See the Pharmacy benefits page for information about the covered medications of your pharmacy plan.

 How do I know if my prescribed medication requires pre-authorization?

Some medications require pre-authorization (also called prior authorization) in order to be covered by your insurance plan. See the Pharmacy benefits page for information about the covered medications that may require pre-authorization.

 Are there limits on how often I can refill a prescription or how much medication I can pick up each time I fill a prescription?

Yes, there are usually limits on how often you can refill a prescription. Some medications also have limits on how much medication you can pick up each time you fill your prescription. To find out more, see the Pharmacy benefits page.

 How can I find out the cost of my prescribed medication before I pick it up? How do I know if a generic version of the medication is available?

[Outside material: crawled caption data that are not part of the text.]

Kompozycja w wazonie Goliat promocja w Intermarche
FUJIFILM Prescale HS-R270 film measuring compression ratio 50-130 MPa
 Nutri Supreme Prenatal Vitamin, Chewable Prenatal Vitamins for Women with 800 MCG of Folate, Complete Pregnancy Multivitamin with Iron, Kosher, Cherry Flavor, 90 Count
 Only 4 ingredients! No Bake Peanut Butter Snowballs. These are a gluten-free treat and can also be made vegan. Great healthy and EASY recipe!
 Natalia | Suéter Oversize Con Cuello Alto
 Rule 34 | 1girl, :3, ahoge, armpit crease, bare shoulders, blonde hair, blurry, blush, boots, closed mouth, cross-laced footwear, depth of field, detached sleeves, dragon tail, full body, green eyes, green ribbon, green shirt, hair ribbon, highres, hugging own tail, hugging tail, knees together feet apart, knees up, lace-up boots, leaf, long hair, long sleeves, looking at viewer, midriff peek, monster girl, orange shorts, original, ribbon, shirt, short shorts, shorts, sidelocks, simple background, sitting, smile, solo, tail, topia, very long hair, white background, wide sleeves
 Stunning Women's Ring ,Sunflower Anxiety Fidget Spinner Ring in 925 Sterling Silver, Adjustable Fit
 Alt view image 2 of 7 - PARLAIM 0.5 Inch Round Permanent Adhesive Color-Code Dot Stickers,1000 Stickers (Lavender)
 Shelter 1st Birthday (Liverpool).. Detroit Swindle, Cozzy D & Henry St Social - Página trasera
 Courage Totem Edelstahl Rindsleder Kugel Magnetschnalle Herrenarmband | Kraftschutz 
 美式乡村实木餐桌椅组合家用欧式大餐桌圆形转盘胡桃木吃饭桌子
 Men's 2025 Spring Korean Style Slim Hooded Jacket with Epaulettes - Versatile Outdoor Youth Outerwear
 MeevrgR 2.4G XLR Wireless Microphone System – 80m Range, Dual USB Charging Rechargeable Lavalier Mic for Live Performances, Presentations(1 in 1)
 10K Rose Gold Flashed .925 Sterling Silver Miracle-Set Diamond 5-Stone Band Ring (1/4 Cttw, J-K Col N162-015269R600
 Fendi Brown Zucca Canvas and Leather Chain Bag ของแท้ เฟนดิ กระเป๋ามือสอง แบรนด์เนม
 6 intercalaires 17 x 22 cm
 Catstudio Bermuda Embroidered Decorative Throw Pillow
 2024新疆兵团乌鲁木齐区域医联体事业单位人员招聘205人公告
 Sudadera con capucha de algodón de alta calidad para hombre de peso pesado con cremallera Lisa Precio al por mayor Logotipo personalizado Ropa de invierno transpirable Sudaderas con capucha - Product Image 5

See the Pharmacy benefits page for information specific to your plan about our pharmacy benefit manager, as well as your covered drug list, in-network pharmacies and home delivery options.

 What do I need to know if I am affected by disaster declaration, evacuation, or a state of emergency?

In the event of a disaster declaration or displacement, call or Live Chat with customer service to get help with replacing medications, accessing care, and more. Learn more

 Is COVID-19 care and treatment covered?

Yes, we cover COVID-19 care in the same way we cover care for other illnesses. During the federal COVID-19 Public Health Emergency (PHE), we temporarily expanded our benefit coverage to make it easier for you to access the care you needed during the pandemic. The PHE ended May 11, 2023, and these expanded benefits returned to being covered under normal health plan benefits. That means applicable cost shares, such as copays and coinsurance, apply.